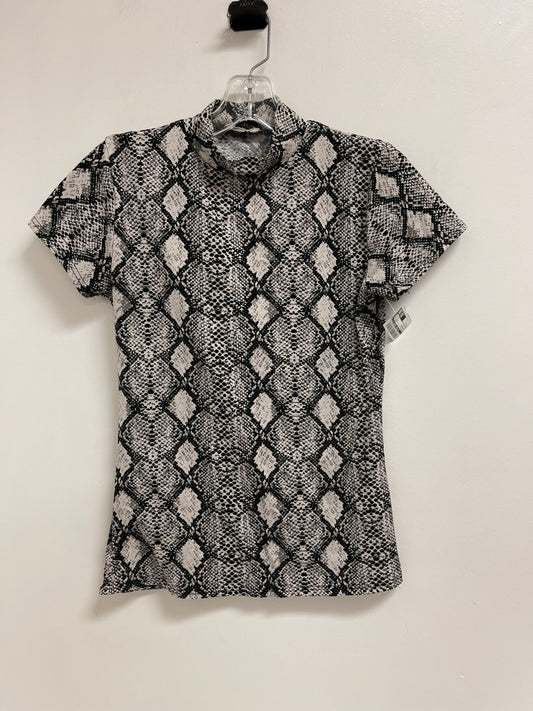 Top Short Sleeve By Clothes Mentor In Snakeskin Print, Size: S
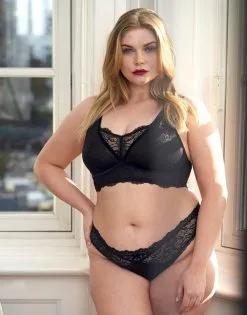 SugarShape Bralette "Eliana Velvet" Black -Unterwäsche Verkäufe sugarshape shop bralette eliana velvet black front editorial single full 1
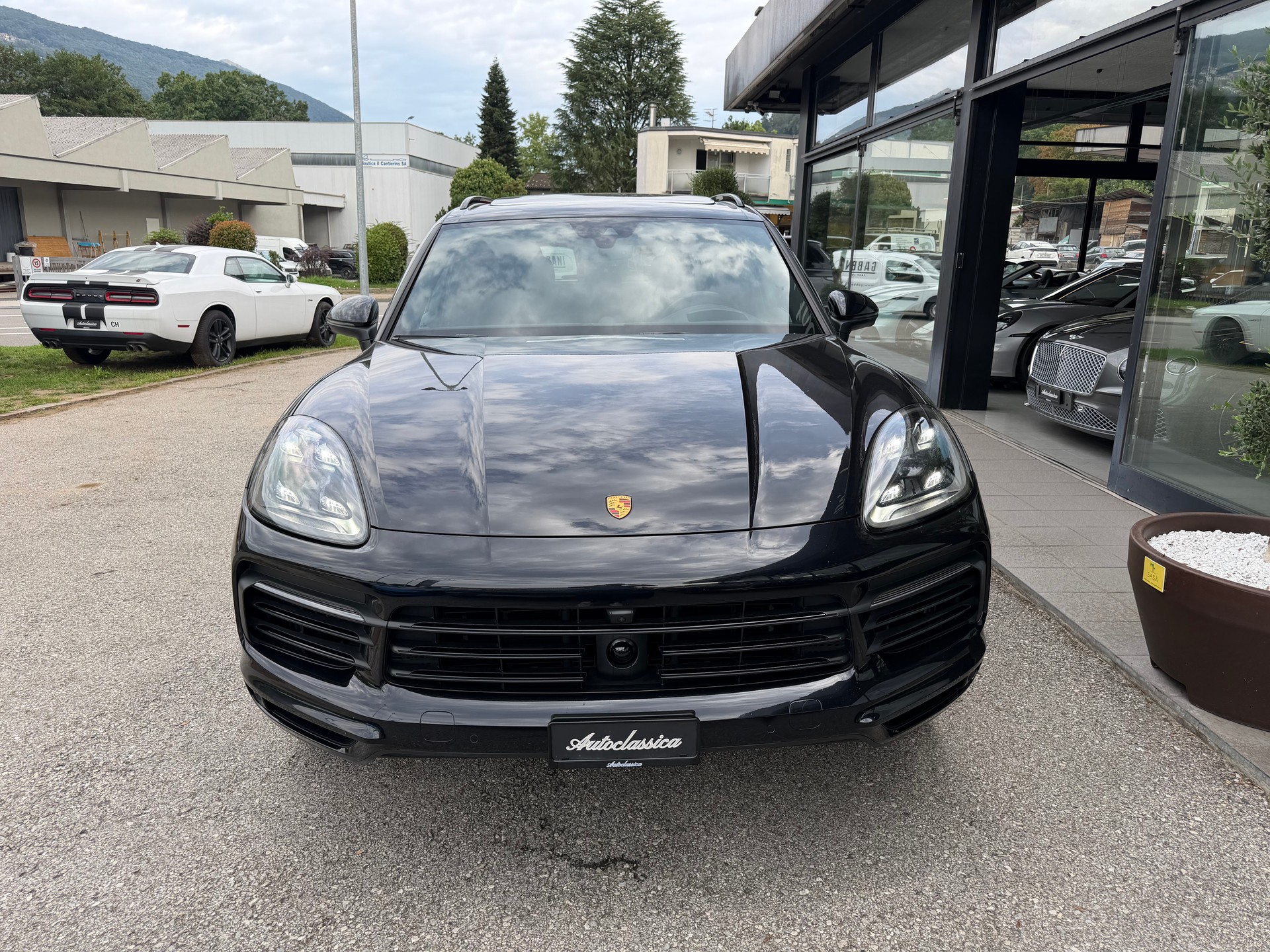 PORSCHE Cayenne E-Hybrid-showroom-element-1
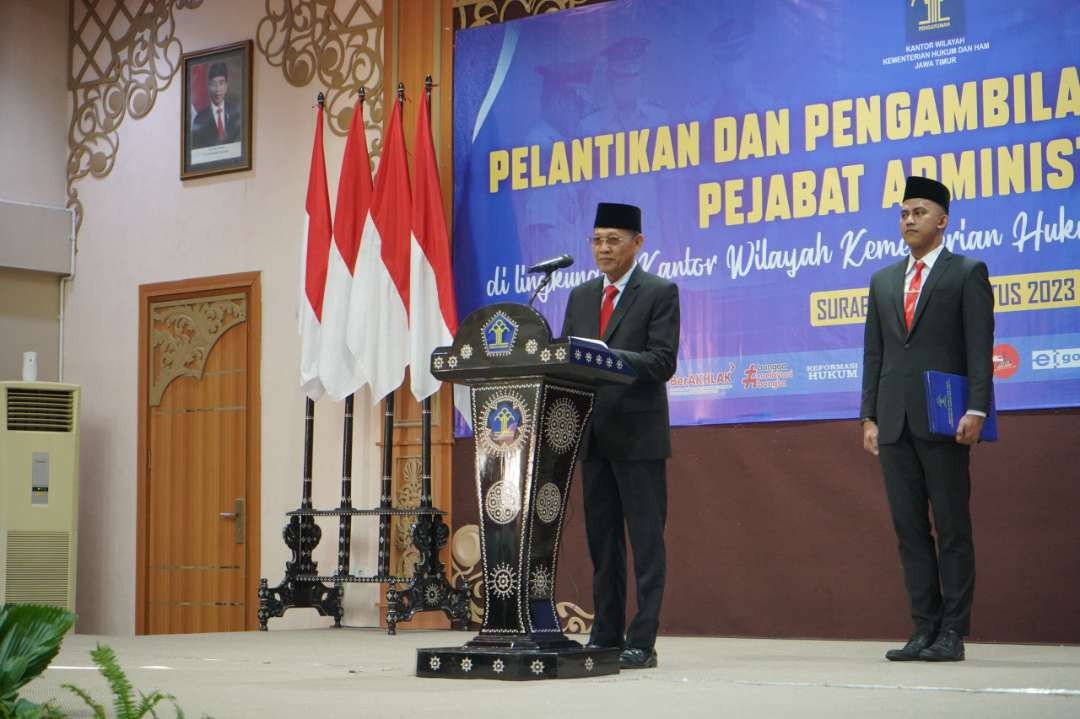 Kakanwil Kemenkumham Jatim, Imam Jauhari dalam pelantikan dan ambil sumpah dalam rotasi dan mutasi pejabat di UPT Pemasyarakatan maupun Keimigrasian. (Foto: Humas Kemenkumham Jatim)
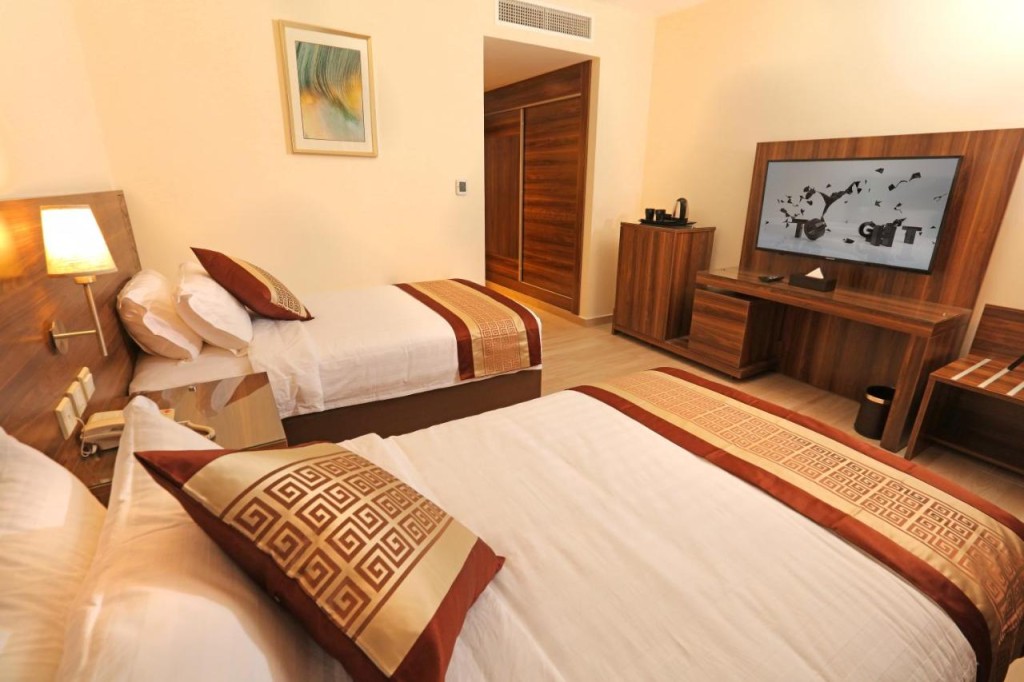 La Costa City Hotel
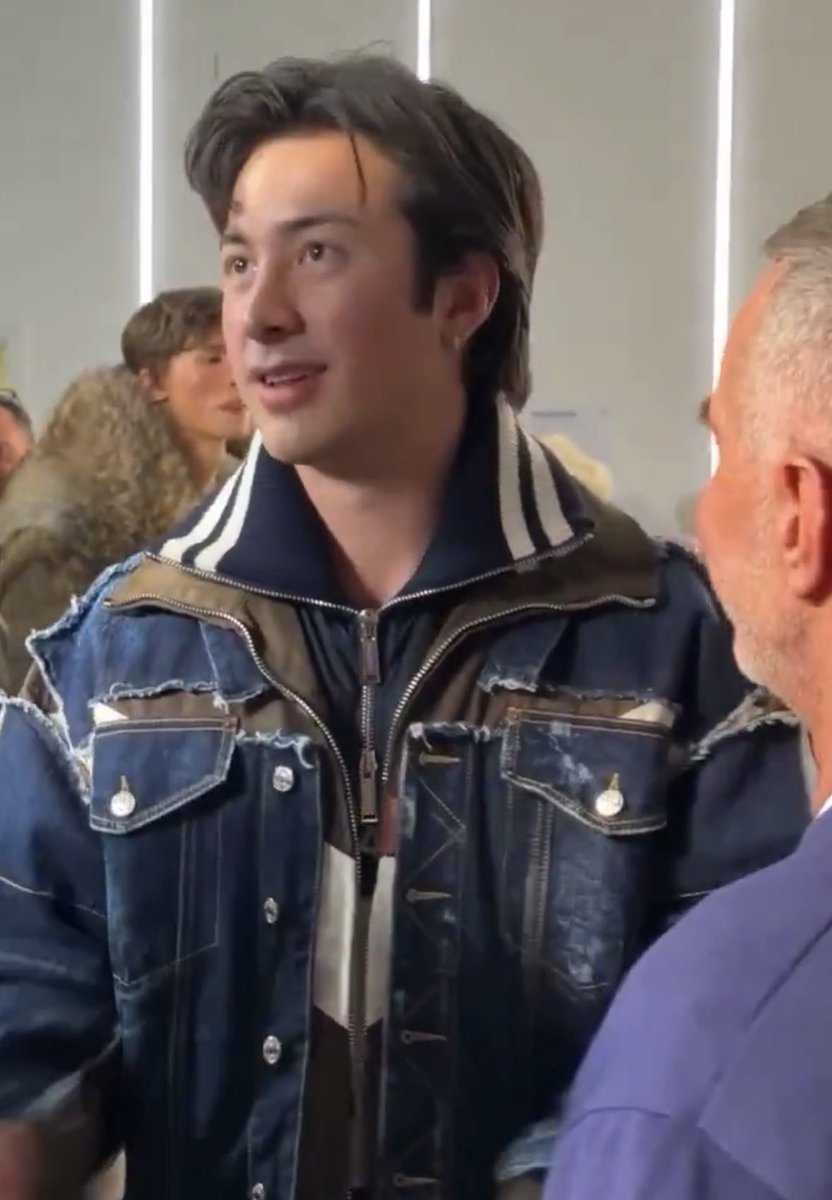 oceanunfiltered's tweet photo. He literally looks at people he just met like this😭 https://t.co/t4Chtla4j4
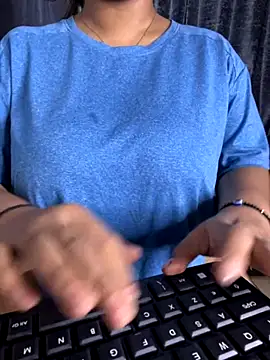 Ritu-Babe online show from 11/14/25, 05:55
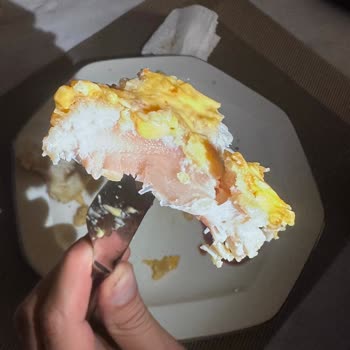 Popeyes Cepa Şubesinde Çiğ Tavuklu Hamburger İhmalı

Prompt.
Output only the lines from the line that contains "La Costa City Hotel" through the end of the material, both ends included, and skip every picture.

Result.
 La Costa City Hotel
 oceanunfiltered's tweet photo. He literally looks at people he just met like this😭 https://t.co/t4Chtla4j4
 Ritu-Babe online show from 11/14/25, 05:55
 Popeyes Cepa Şubesinde Çiğ Tavuklu Hamburger İhmalı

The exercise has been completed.